# Unsupervised Learning Techniques

Although most of the applications of machine learning today are based on supervised learning (& as a result, this is where most of the investments go to), the vast majority of the available data is unlabeled: we have the input features $X$, but we do not have the labels $y$. The computer scientist Yann LeCun famously said that "if intelligence was a cake, unsupervised learning would be the cake, supervised learning would be the icing on the cake, & reinforcement learning would be the cherry on the cake." In other words, there is a huge potential in unsupervised learning that we have only barely started to sink our teeth into.

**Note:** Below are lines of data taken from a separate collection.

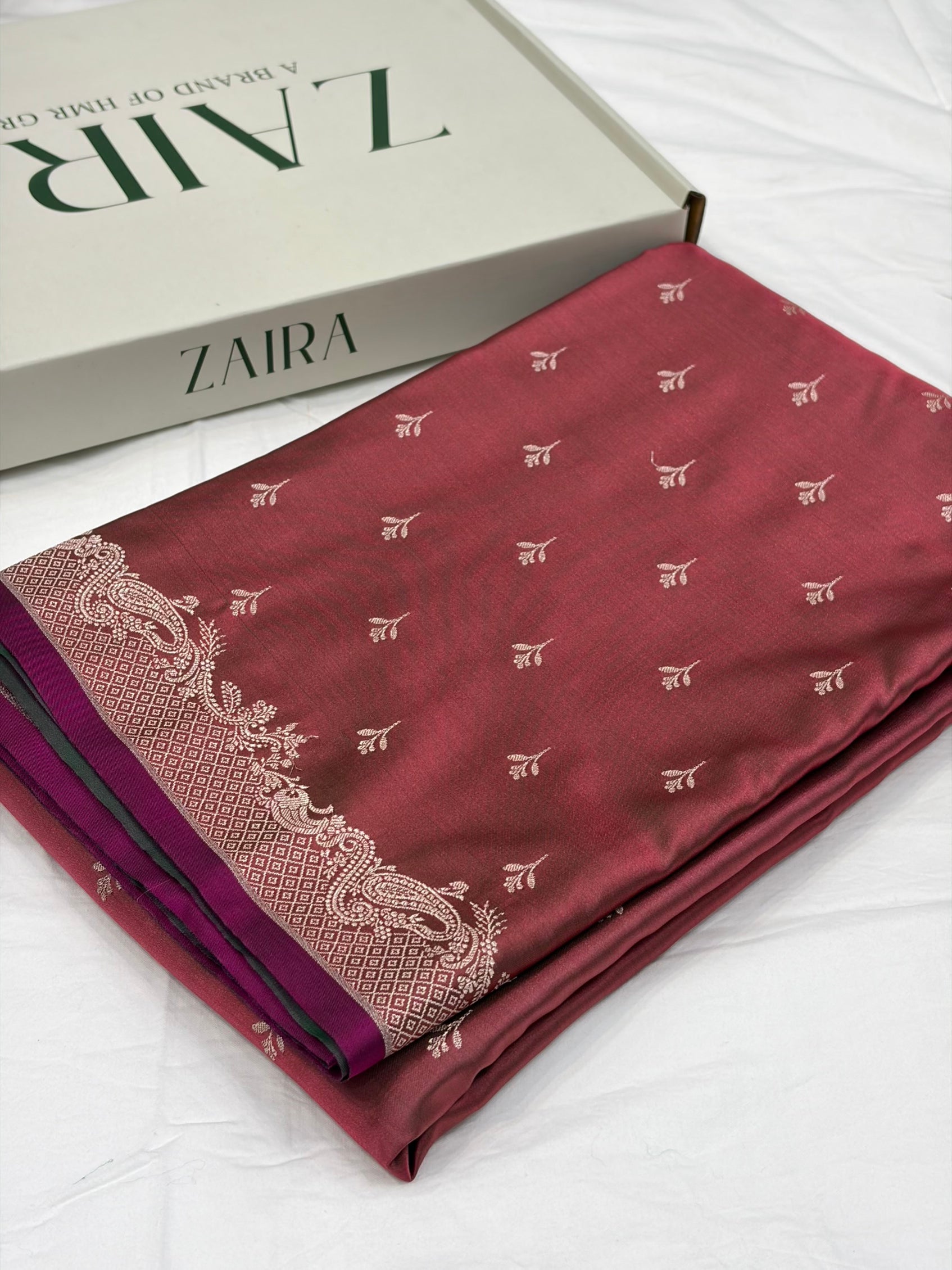 Rusty Mauve Shade With Booti Pattern Mashru Silk Saree
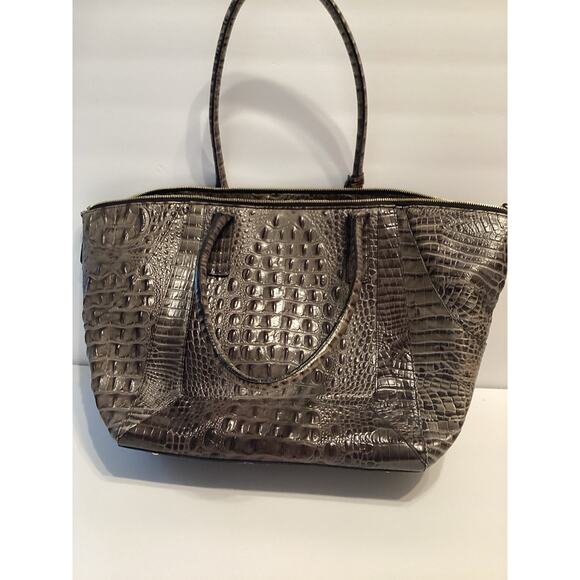 BRAHMIN Melbourne Collection Laptop Business Tote Handle Bag  Brahmin Gray And Brown Large Genuine Leather‎ Tote Bag Purse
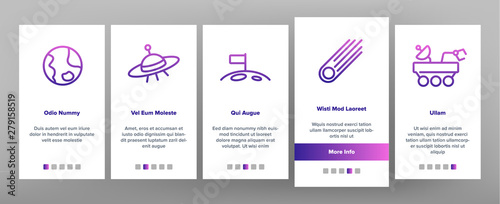 Space Exploration Vector Onboarding Mobile App Page Screen. Outer Space, Extraterrestrial Life Linear Pictograms. Solar System, Moon Surface Research, Satellites, Telescopes, Spaceships Illustrations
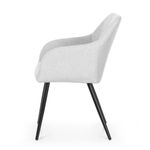 Casa si Gradina - Mobilier - Scaune si fotolii - Scaune - Set 2 scaune dining tapitate cu velur Luxano, cusaturi patrate, 54x58x82 cm, gri deschis - Infinity.ro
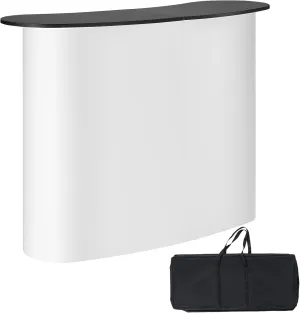 VEVOR Portable Tradeshow Podium Table, 51.18" x 18.31" x 37.4", Display Exhibition Counter Stand Booth Fair with Wall, Foldable Promotion Retail Bar Table Pop Up Podium with Storage Rack, Carrying Bag
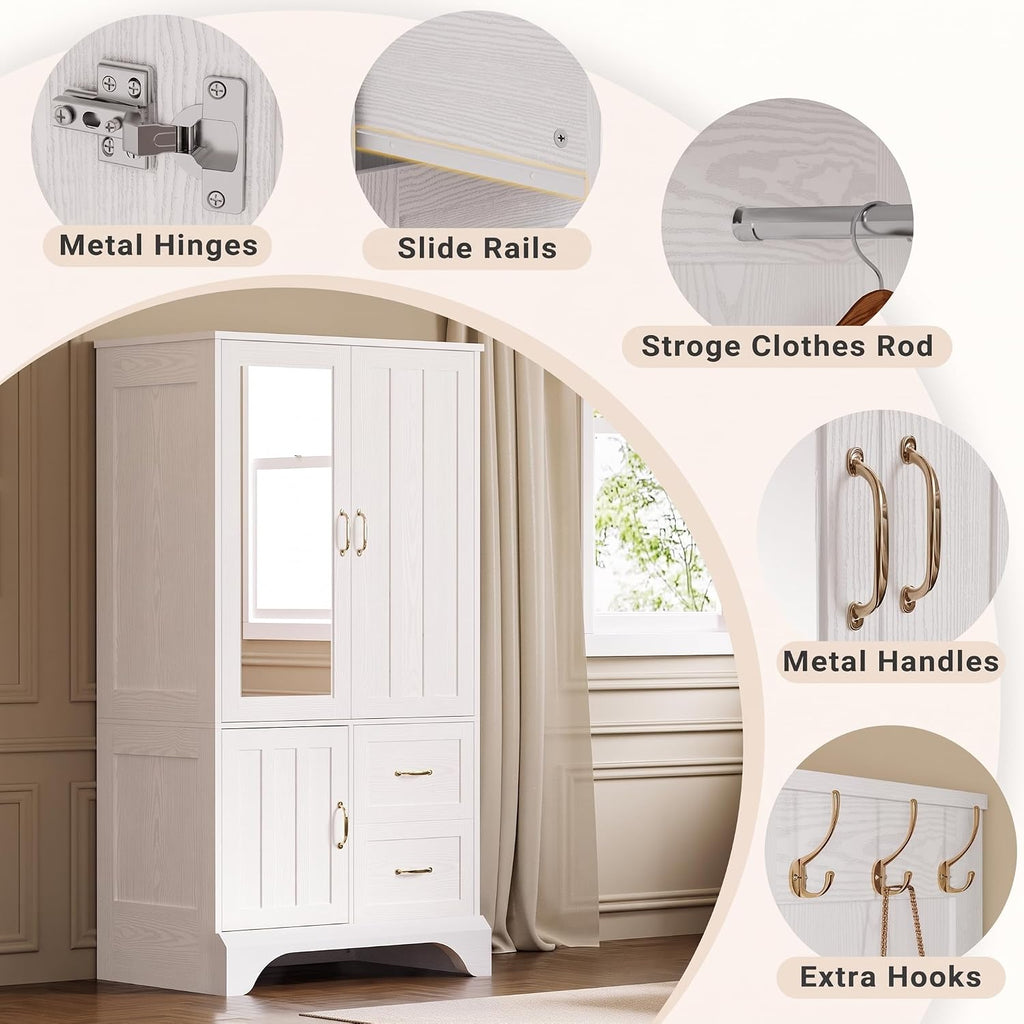 Armoire Wardrobe with Mirror, 3-Door Hanging Rod & Drawers | 3-door armoire with mirror. Hanging rod, 2 drawers, 4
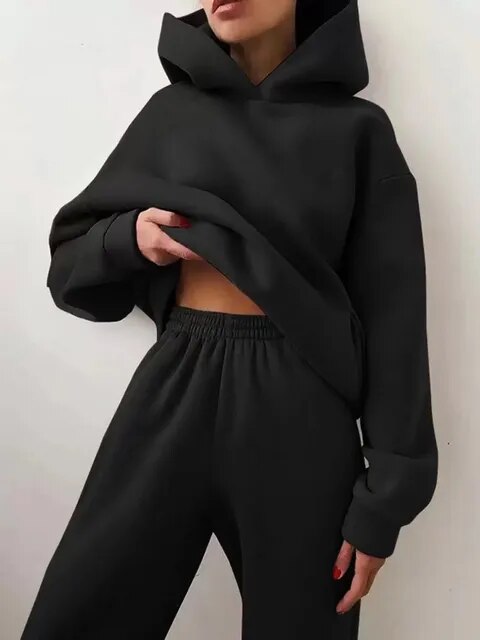 Helene | Komfortabelt Dame Joggingtøj med Hoodie og Joggingbukser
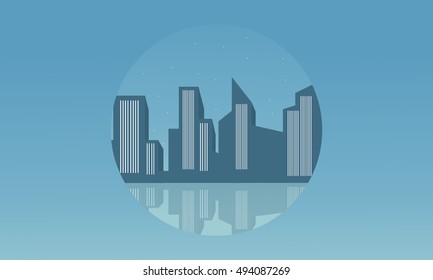 Silhouette of building icon vector flat illustration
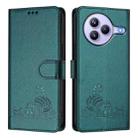For Xiaomi Civi 5 Pro 5G Cat Rat Embossed Pattern RFID Leather Phone Case with Lanyard(Peacock Green) - 2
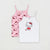 Two children's camisole tank tops by Hello Kitty, displayed flat against a light gray background. The front top is white with a red bow and red dress graphic, and the back top is pink with an all-over Hello Kitty face and bow pattern.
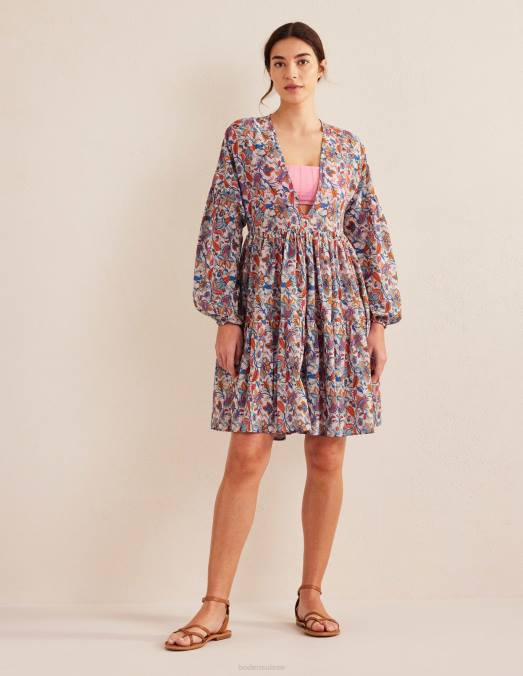 Boden vêtements nébuleuses bleues et vigne cachemire femmes robe de plage décontractée à volants LB2X1730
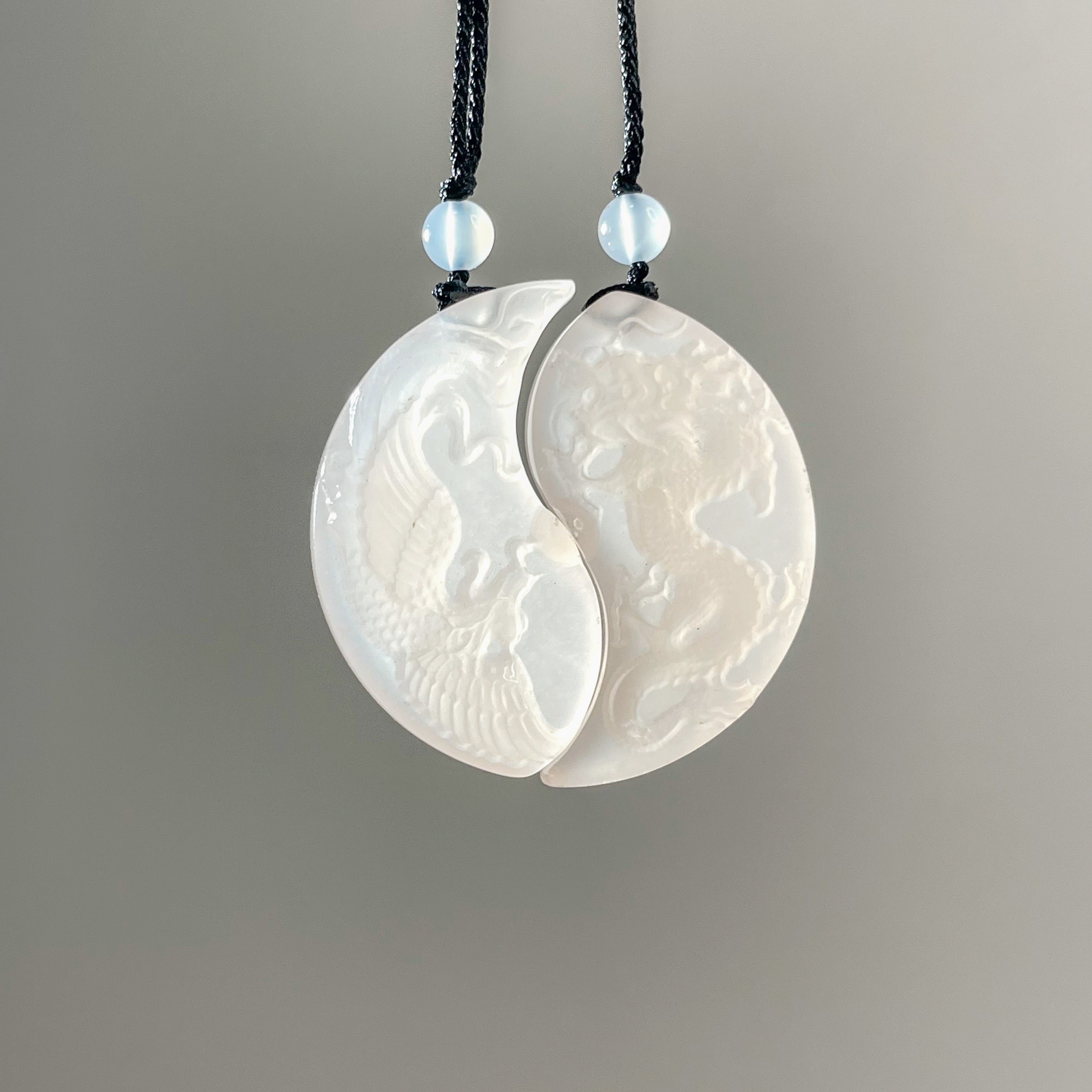 Handcrafted One and Only Dragon & Phoenix Afghan Jade Pendants - Looziivet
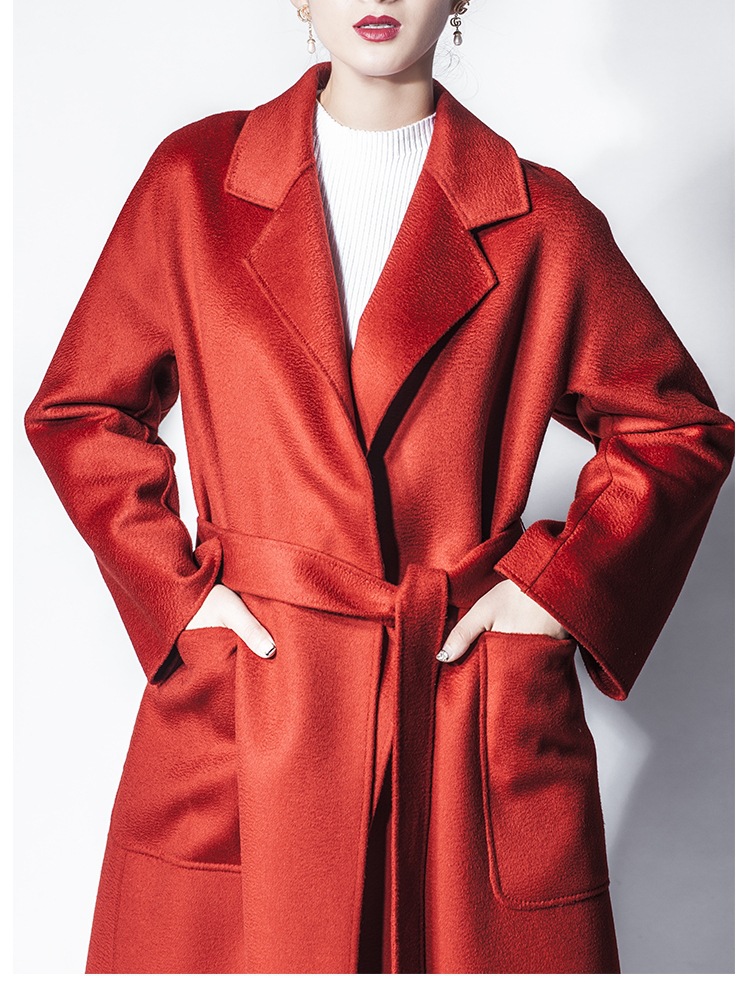 2020新款中国红色max双面水波纹labbro大领羊绒羊毛大衣女 中长款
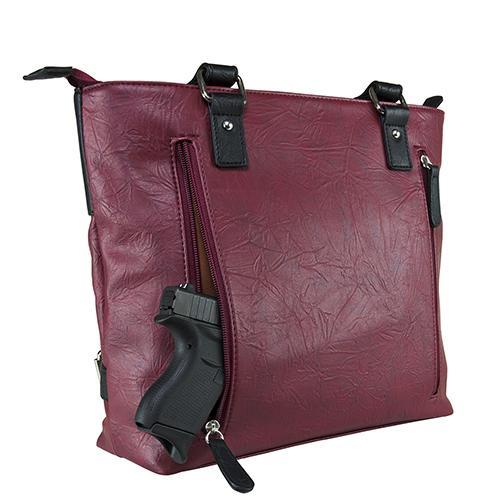 VISM Concealed Carry Satchel Burgundy with Black Trim, Small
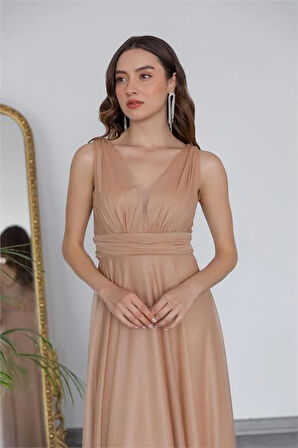 Dipmoda kadın gold drapeli tül abiye elbise DP2030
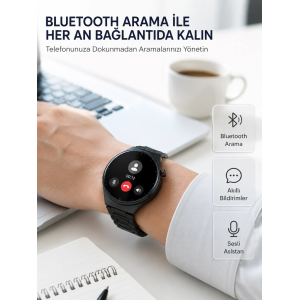 Akıllı Saat Android Ve İos Uyumlu Bluetooth Arama, Amoled Hd Ekran Ve 3lü Kordon Seti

Say you want to create a system that will take a few pictures of each item on a manufacturing production line & detect which items are defective. You can fairly easily create a system that will take pictures automatically, & this might give you thousands of pictures every day. you can then build a reasonably large dataset in just a few weeks. But wait, there is no labels! If you want to train a regular binary classifier that will predict whether an item is defective or not, you will need to label every single picture as 'defective" or "normal". This will generally require human experts to sit down & manually go through all the pictures. This is a long, costly, & tedious task, so it will usually only be done ona small subset of available pictures. As a result, the labeled dataset will be quite small, & the classifier's performance will be disappointing. Moreover, every time the company makes any change to its products, the whole process will need to be started over from scratch. Wouldn't it be great if the algorithm could just exploit the unlabeled data without needing humans to label every picture? Enter unsupervised learning.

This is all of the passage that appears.